Gary Byers (the OpenMCL's developer) finish with this conclusion:
> If these numbers are roughly accurate and if the sketch of what
> a displaced SIMPLE-STRING object would look like is realistic,
> then I'd say that using UTF-16 to represent arbitrary Unicode
> characters in a realistic way costs about as much memory-wise
> as using UTF-32 does, is somewhat slower in the simplest cases
> and much slower in general, has very complex boundary
> cases once we step outside the BMP, and just generally doesn't
> seem to have many socially-redeeming qualities that I can see.

perhaps in Squeak is different (no alignment?), but if I doIt:  
(ByteString allInstances collect:[:s | s size] ) sum asFloat (in a  
3.8.1 basic image), I obtain:

1.943098e6, (63672 strings at 30.5 bytes average)

so, all of this talk is for about 4 MB extra (in that image squeak  
take 26.8 MB at startup)?.





Reply | Threaded
Open this post in threaded view
|

Re: UTF8 Squeak

Klaus D. Witzel
On Mon, 11 Jun 2007 21:29:54 +0200, Javier Diaz-Reinoso wrote:
...
> perhaps in Squeak is different (no alignment?), but if I doIt:  
> (ByteString allInstances collect:[:s | s size] ) sum asFloat (in a 3.8.1  
> basic image), I obtain:
>
> 1.943098e6, (63672 strings at 30.5 bytes average)

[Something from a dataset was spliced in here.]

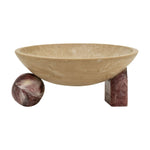 Dahlia Bowl, 13"W x 12.5"D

You may want to add ByteSymbols, 648278.0 / 38156 16.99, from a squeak-dev  
image.

/Klaus

> so, all of this talk is for about 4 MB extra (in that image squeak take  
> 26.8 MB at startup)?.
>
>
>
>
>
>



Reply | Threaded
Open this post in threaded view
|

Re: UTF8 Squeak

Janko Mivšek
In reply to this post by Colin Putney
Hi Colin,

Colin Putney wrote:

>
> On Jun 11, 2007, at 4:04 AM, Janko Mivšek wrote:
>
>> Anyone can definitively stay with UTF8 encoded strings in plan
>> BytString or subclass to UTF8String by himself. But I don't know why
>> we need to have UTF8String as part of string framework. Just because
>> of meaning? Then we also need to introduce an ASCIIString :)
>
>> I think that preserving simplicity is also an important goal. We need
>> to find a general yet simple solution for Unicode Strings, which will
>> be good enough for most uses, as is the case for numbers for instance.
>> We deal with more special cases separately. I claim that pure Unicode
>> strings in Byte, TwoByte or FourByteString is such a general support.
>> UTF8String is already a specific one.
>
> Ok, so what you're saying is this: ByteString, TwoByteString and
> FourByteString are good enough for the most purposes. Web developers and
> anyone else that needs to work with other encodings should roll their
> own solutions, so as not to burden the rest of the community with
> clutter caused by support for other encodings, or even hooks to make
> such things easy to integrate with the base string code.
>
> Is that a fair characterization of your position?
>
Yes, or just a bit better said: my position is a separation of internal
string representation from encodings. Internal strings should be in pure
Unicode while conversions to other encodings should be done separately,
probably best with already existing TextEncoders. Those text encoders
can be extended to meet wider requirements, but strings shall stay
strings - they shall contain characters only.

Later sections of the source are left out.